ABOUT THIS EXERCISE: Begin at the line containing "Joydeco 100% Blackout" and restate it and each line after it exactly, up to and including the last line below. Leave pictures out.

*** SUPPLIED MATERIAL Section Begins ***

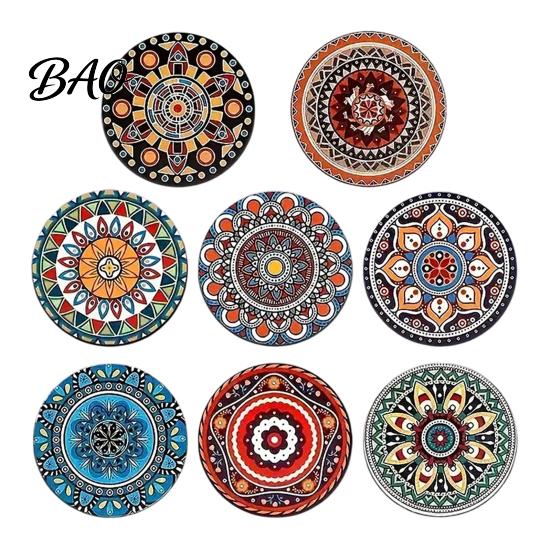 Furniture Protection Coaster 8PCS Coasters, Colorful Wood with Non-Slip Heat Insulation Multi-color Pack Waterproof Drink Holder, for Home Office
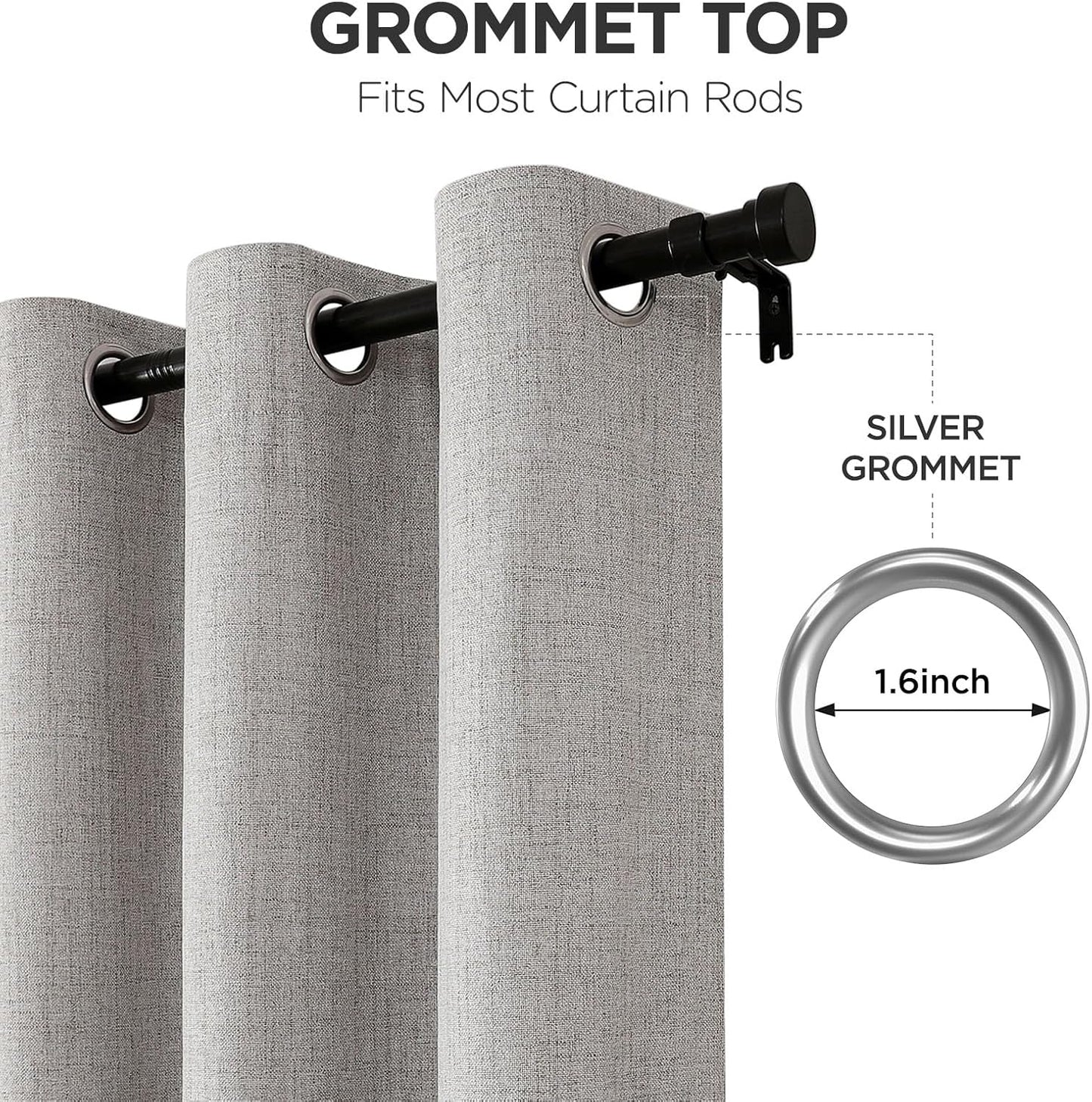 Joydeco 100% Blackout Curtains for Bedroom 84 Inch Long, Linen Black Out Curtains 2 Panels Set With Grommet for Living Room Window, Thermal Insulated Full Light Blocking Drapes Privacy Protection,52"W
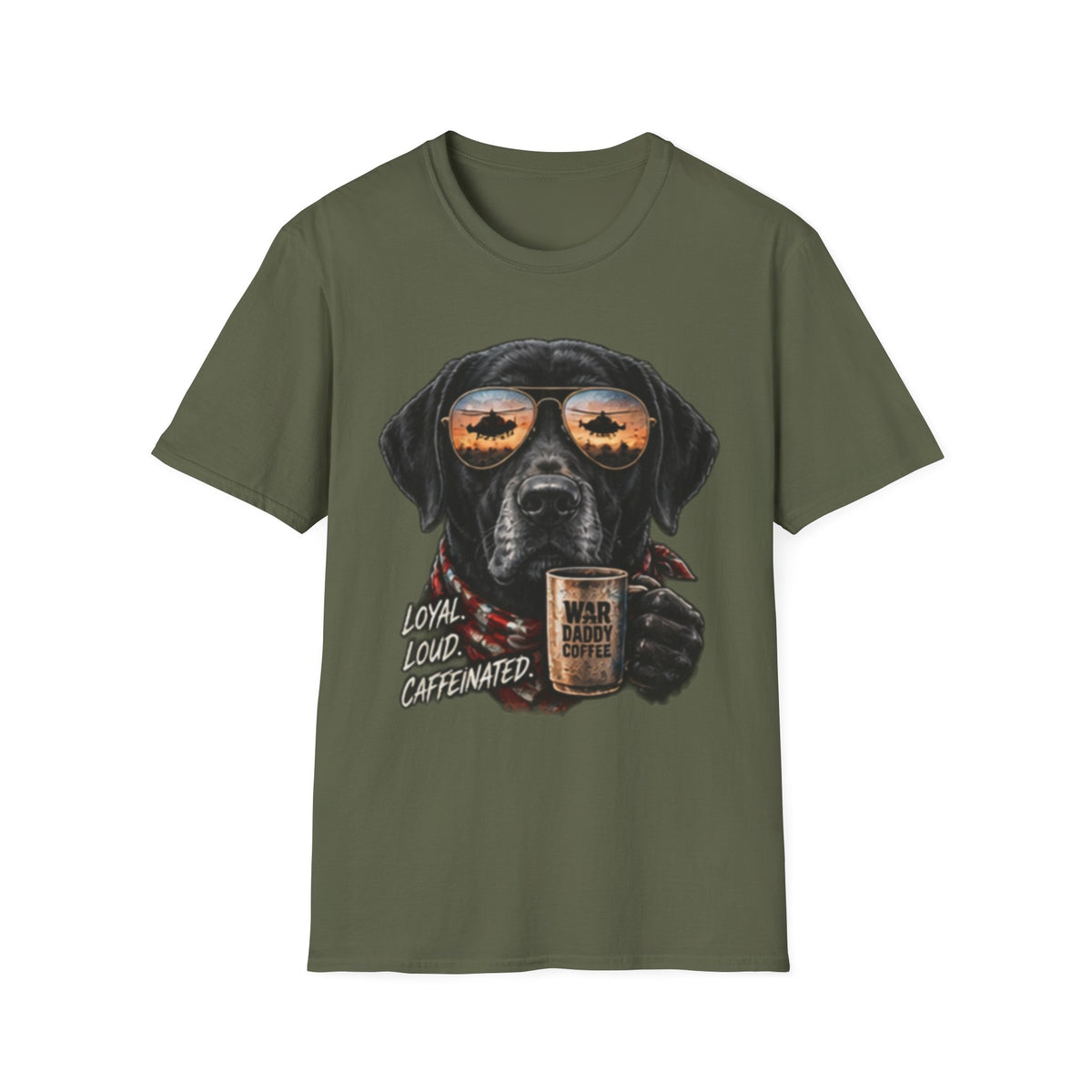 Black Labrador T-Shirt — Coffee & Sunset Sunglasses Dog Tee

*** SUPPLIED MATERIAL Section Ends ***

SOLUTION TO THIS TASK:
 Joydeco 100% Blackout Curtains for Bedroom 84 Inch Long, Linen Black Out Curtains 2 Panels Set With Grommet for Living Room Window, Thermal Insulated Full Light Blocking Drapes Privacy Protection,52"W
 Black Labrador T-Shirt — Coffee & Sunset Sunglasses Dog Tee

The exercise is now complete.